Why does the most important book of the Torah, the book of Exodus that details our people’s liberation from Egypt and tells the story that we recount at our Passover Seders begin with the most ordinary list of names?
“These are the names of the sons of Israel who came to Egypt with Jacob, each coming with his household: Reuben, Simeon, Levi, and Judah; Issachar, Zebulun, and Benjamin; Dan and Naphtali, Gad and Asher. The total number of persons that were of Jacob’s issue came to seventy, Joseph being already in Egypt.” (Exodus 1) Certainly a more dramatic introduction could have been written.
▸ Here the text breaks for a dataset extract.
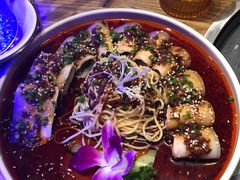 -三人行骨头王火锅(长寿店)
Then again remarkable stories sometimes begin with the most mundane and seemingly ordinary opening lines. “Call me Ishmael.” is among the most famous of such opening lines. It begins the epic story of Herman Melville’s Moby Dick. The Torah however is more than a literary masterpiece. Each word, every sentence, suggests a lesson. Every nuance points to a teaching.
And so we learn that every story must begin by honoring those who came before us. The Talmud for example expends great effort discussing which rabbi authored an opinion. Before even beginning a debate the Talmud’s discussion frequently digresses to questions about authorship. “Did not Rabbi Michael Moskowitz say in the name of Rabbi Steven Moskowitz? Others say it was Rabbi Susie Moskowitz in the name of Rabbi Michael Moskowitz.”
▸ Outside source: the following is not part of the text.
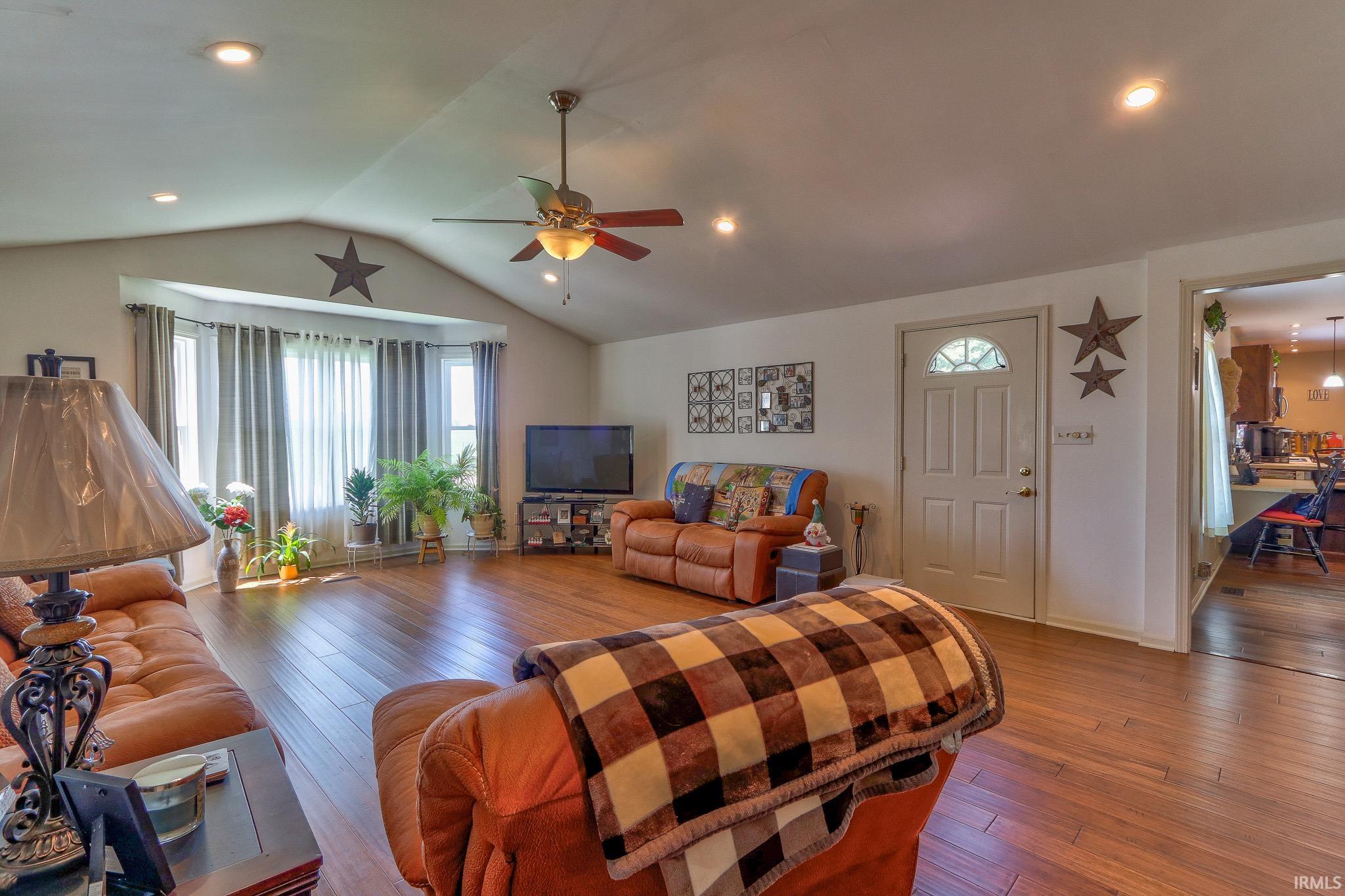 8424 Meinschein Road Mount Vernon, IN 47620 - Photo 10 of 35 Gallery Image 10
Before we can march forward we must remember and honor those who came before us. Naming those who preceded us begins our story; it solidifies the lesson. We give honor to our predecessors. The secret to redemption, which is the theme of the Book of Exodus, turns on remembrance. Zachor, the command to remember, is a core Jewish belief. Forgetfulness on the other hand leads to ruin.
The story continues. “A new king arose over Egypt who did not know Joseph.” Pharaoh erases history. He forgets Joseph and the good he performed for Egypt. Pharaoh’s forgetfulness leads to our suffering.
Our salvation begins with remembrance. “God heard the Israelites’ moaning, and God remembered His covenant with Abraham and Isaac and Jacob.” (Exodus 2) God remembers the promise made in prior generations, the pledge made to our forefathers. Pharaoh forgets. We suffer. God remembers. God names Abraham, Isaac and Jacob. And we are redeemed.
The names become intertwined. The story unfolds.
The Exodus story hinges on the names we recount. In Hebrew the Book is called Shemot—Names. We name the children of Israel. And so begins the story of our redemption.
Our most important story, the story of our freedom from Egypt, begins with the recounting of names. We in turn begin the telling of our own history by naming our parents and grandparents. We recall our ancestors. Only by naming those who came before us can we find redemption and write a better future.
A prayer. We are saddened that once again we have witnessed another barbaric terrorist attack. Terrorism continues to strike at Western values. We mourn the murders of twelve people at the French magazine, Charlie Hedbo. We mourn the cartoonists, writers, editors and police officers. We pray for healing for those injured in the attack. We pray: may terrorism fail in its intent to strike fear in our hearts. May we instead find the strength to renew our faith in the values we hold dear: democracy, pluralism and freedom of the press.